▶ _WHAT THIS TASK INVOLVES_
Your copy should match the entries exactly, with no images carried over.

▶ _MATERIAL TO PROCESS_
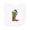 AA-White, variant on Cowboy Cactus Christmas Boot Newborn Bib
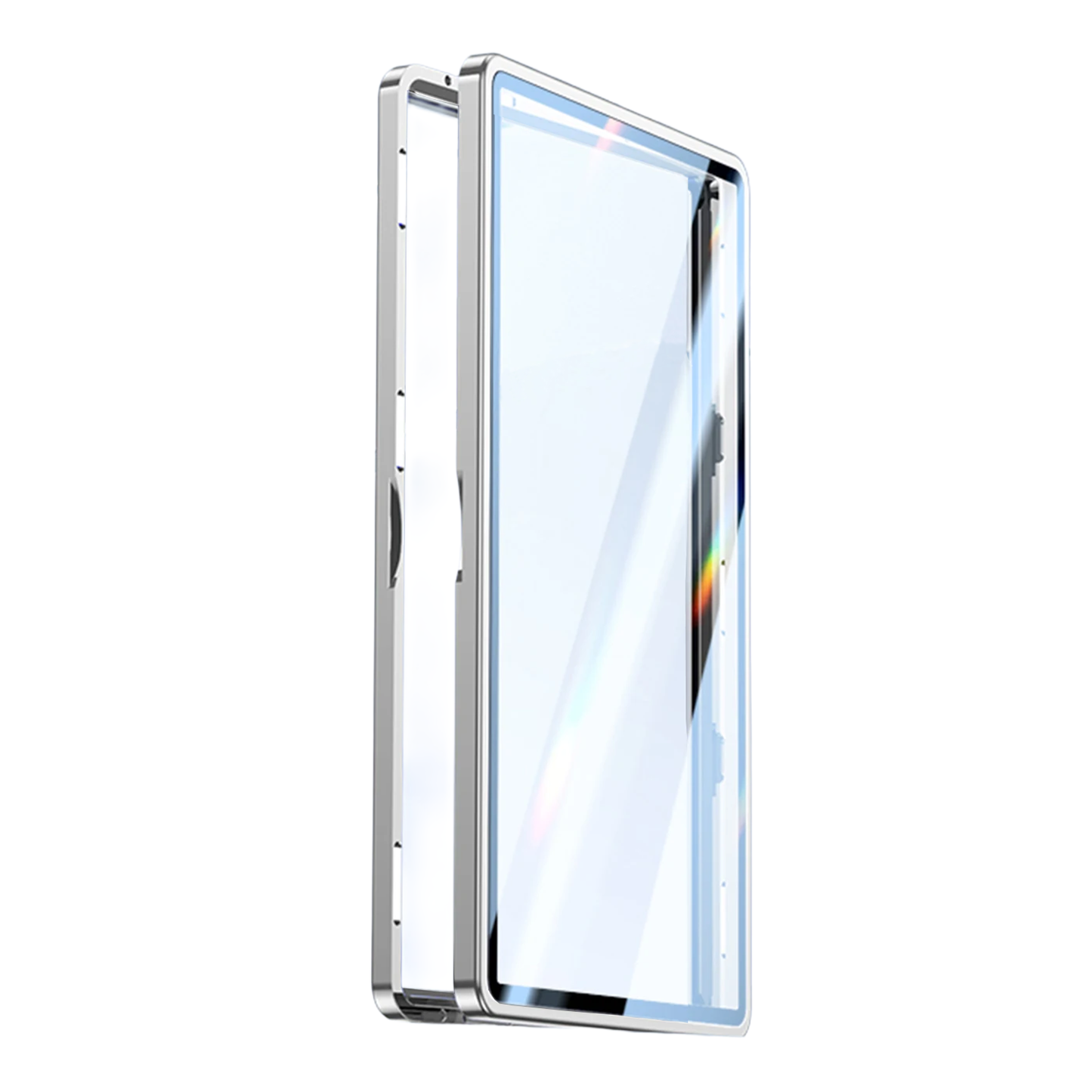 Aluminum graded card slab protector – Silver, for PSA and BGS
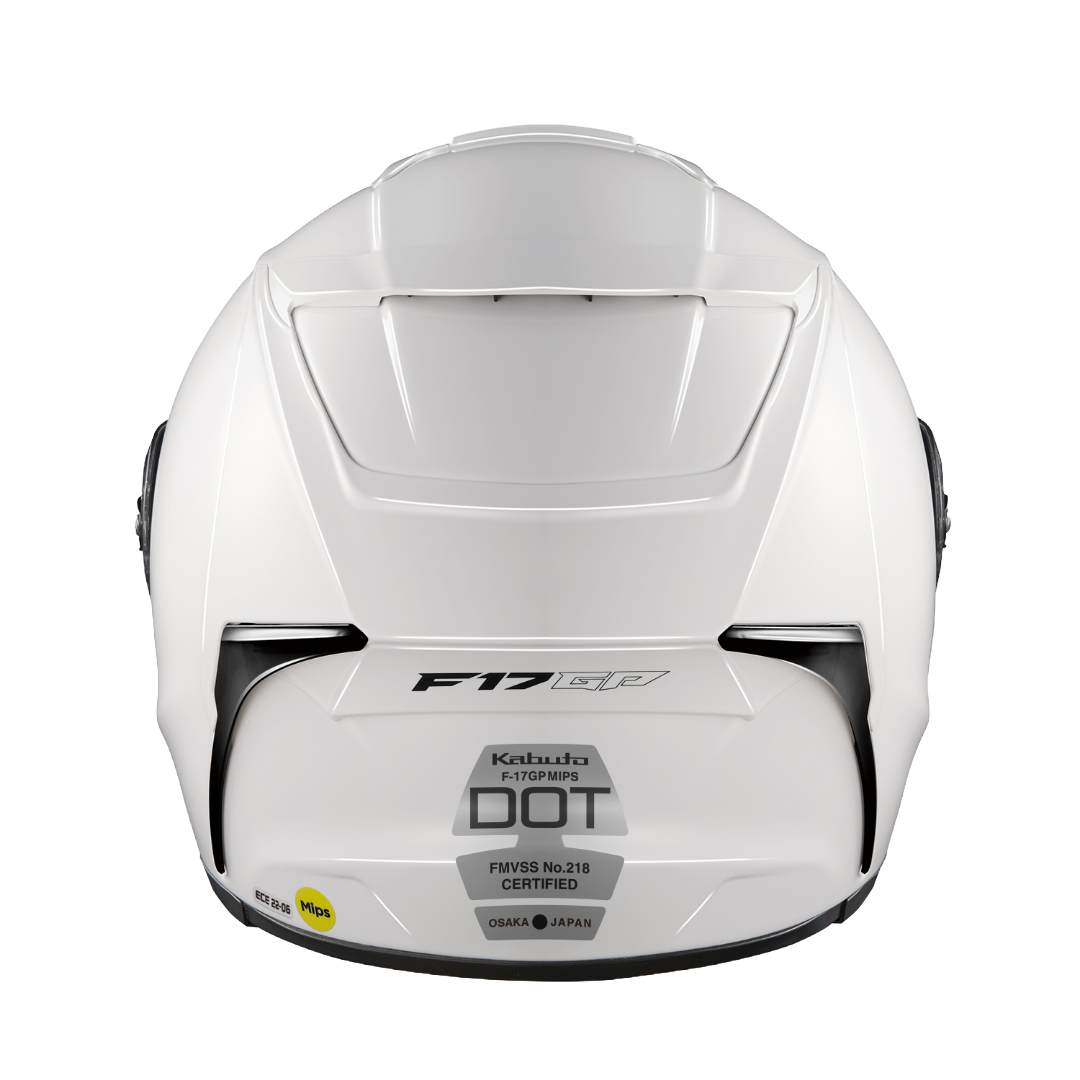 OGK Kabuto F-17 GP MIPS | White Metallic | Full Face Racing Helmet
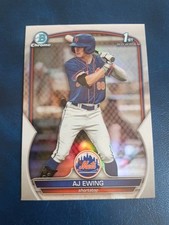 2023 Bowman Draft Chrome AJ Ewing 1st Refractor #BDC-152 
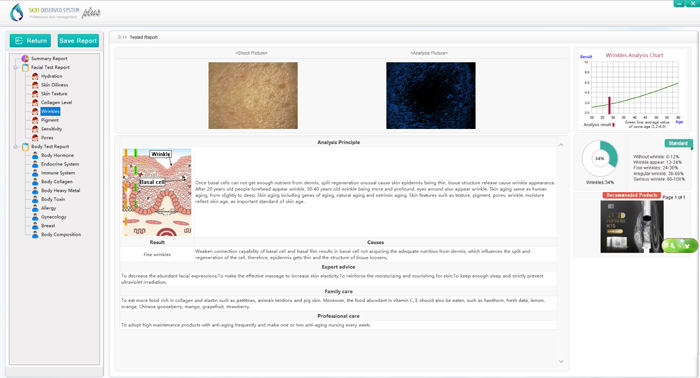 skin and quantum analyzer two in 1 -  - 2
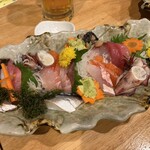 おふくろ亭 - 刺身盛り合わせ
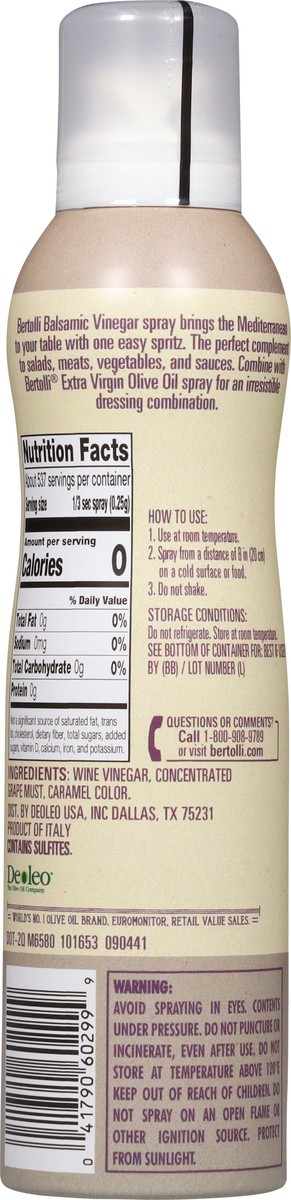 slide 10 of 13, Bertolli Balsamic Vinegar - 4.90 fl oz, 4.90 fl oz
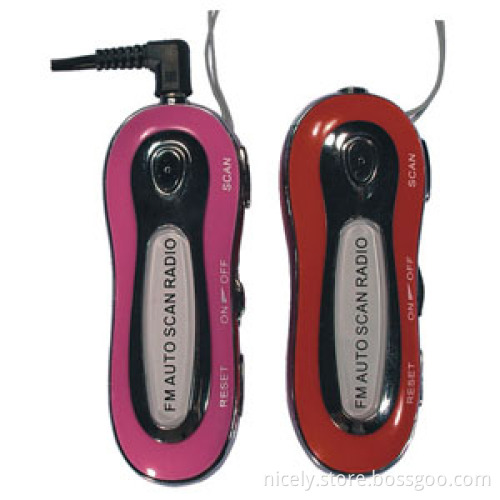 fm auto scan radio with earphone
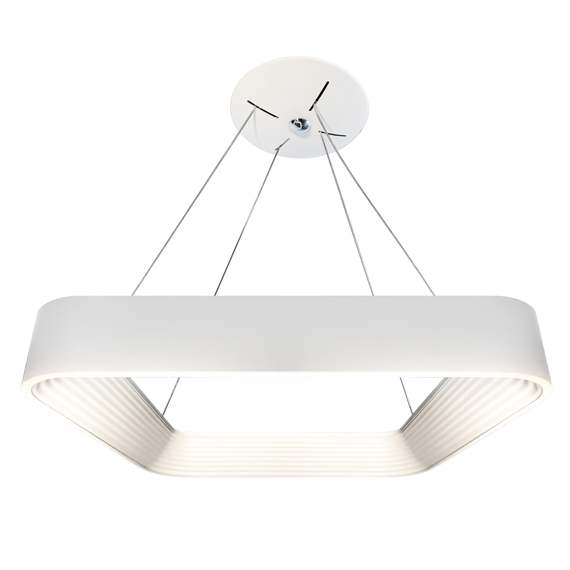 Люстра підвісна ARTTOK MC 80012/1L 60*60 CQR/WT LED **fo **S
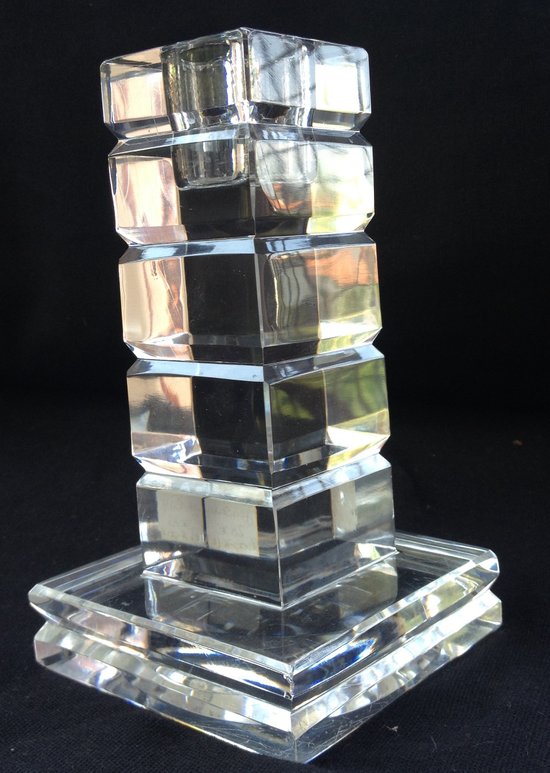 Contemporary Saint-Louis crystal candlestick by Jean Sala (ref C 0076)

▶ _ANSWER SPACE_
 AA-White, variant on Cowboy Cactus Christmas Boot Newborn Bib
 Aluminum graded card slab protector – Silver, for PSA and BGS
 OGK Kabuto F-17 GP MIPS | White Metallic | Full Face Racing Helmet
 2023 Bowman Draft Chrome AJ Ewing 1st Refractor #BDC-152 
 skin and quantum analyzer two in 1 -  - 2
 おふくろ亭 - 刺身盛り合わせ
 slide 10 of 13, Bertolli Balsamic Vinegar - 4.90 fl oz, 4.90 fl oz
 fm auto scan radio with earphone
 Люстра підвісна ARTTOK MC 80012/1L 60*60 CQR/WT LED **fo **S
 Contemporary Saint-Louis crystal candlestick by Jean Sala (ref C 0076)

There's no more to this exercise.